#### EXERCISE OBJECTIVE:
Among the entries below, please repeat exactly and only the lines from the line containing "Lần đầu ăn toàn" to the line containing "Porta gavetas cinzento", both lines included.

#### THE RECORDS:
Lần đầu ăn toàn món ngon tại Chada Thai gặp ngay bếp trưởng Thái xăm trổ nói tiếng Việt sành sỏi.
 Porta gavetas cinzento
==
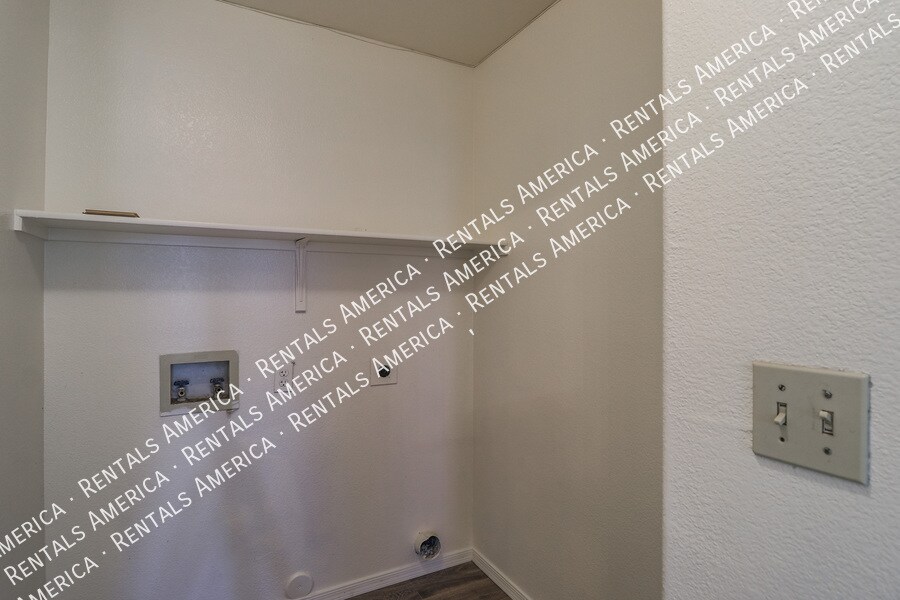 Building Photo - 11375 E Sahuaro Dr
---
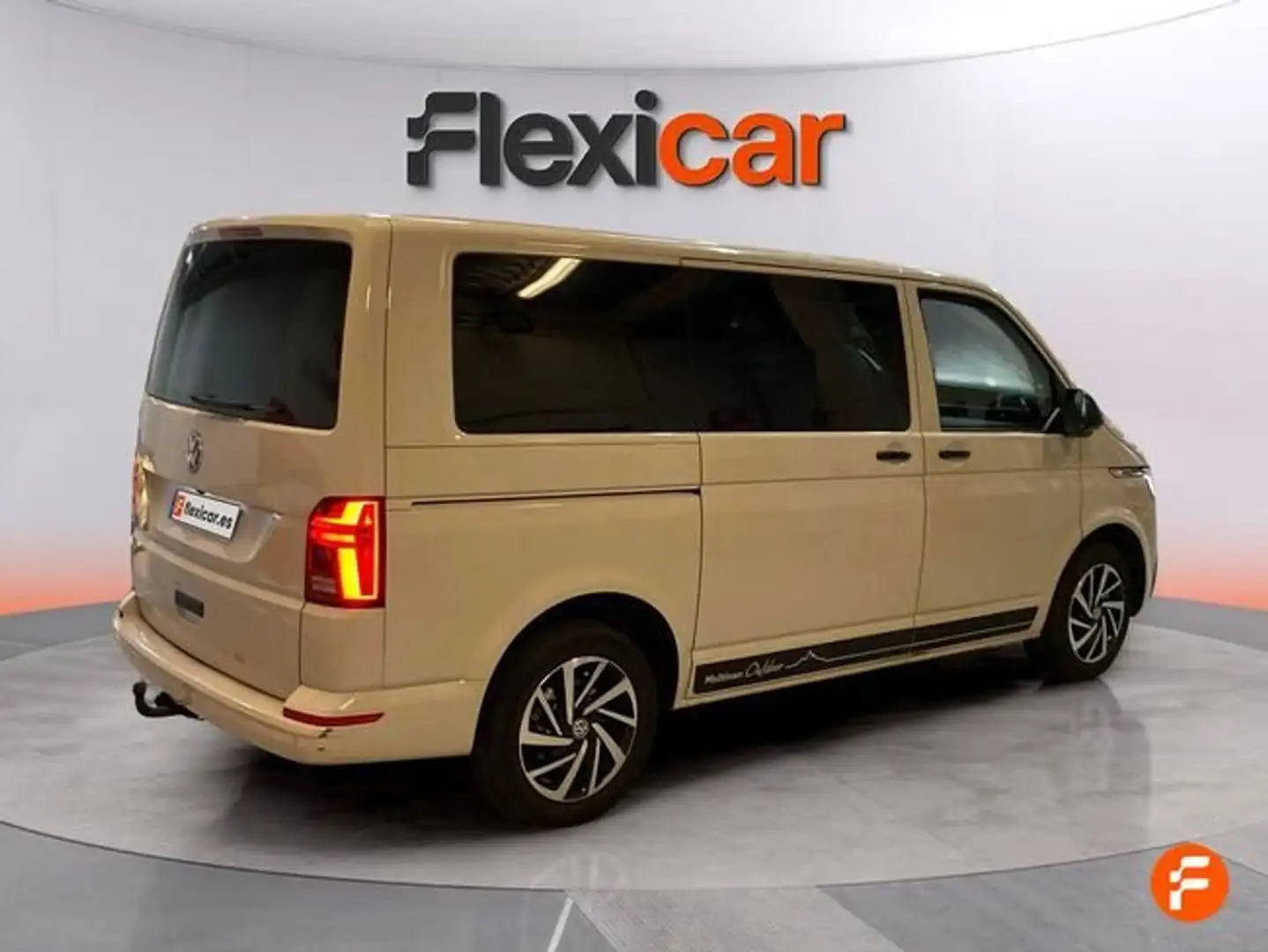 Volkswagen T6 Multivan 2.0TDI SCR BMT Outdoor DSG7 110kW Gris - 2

#### TASK SOLUTION:
Lần đầu ăn toàn món ngon tại Chada Thai gặp ngay bếp trưởng Thái xăm trổ nói tiếng Việt sành sỏi.
 Porta gavetas cinzento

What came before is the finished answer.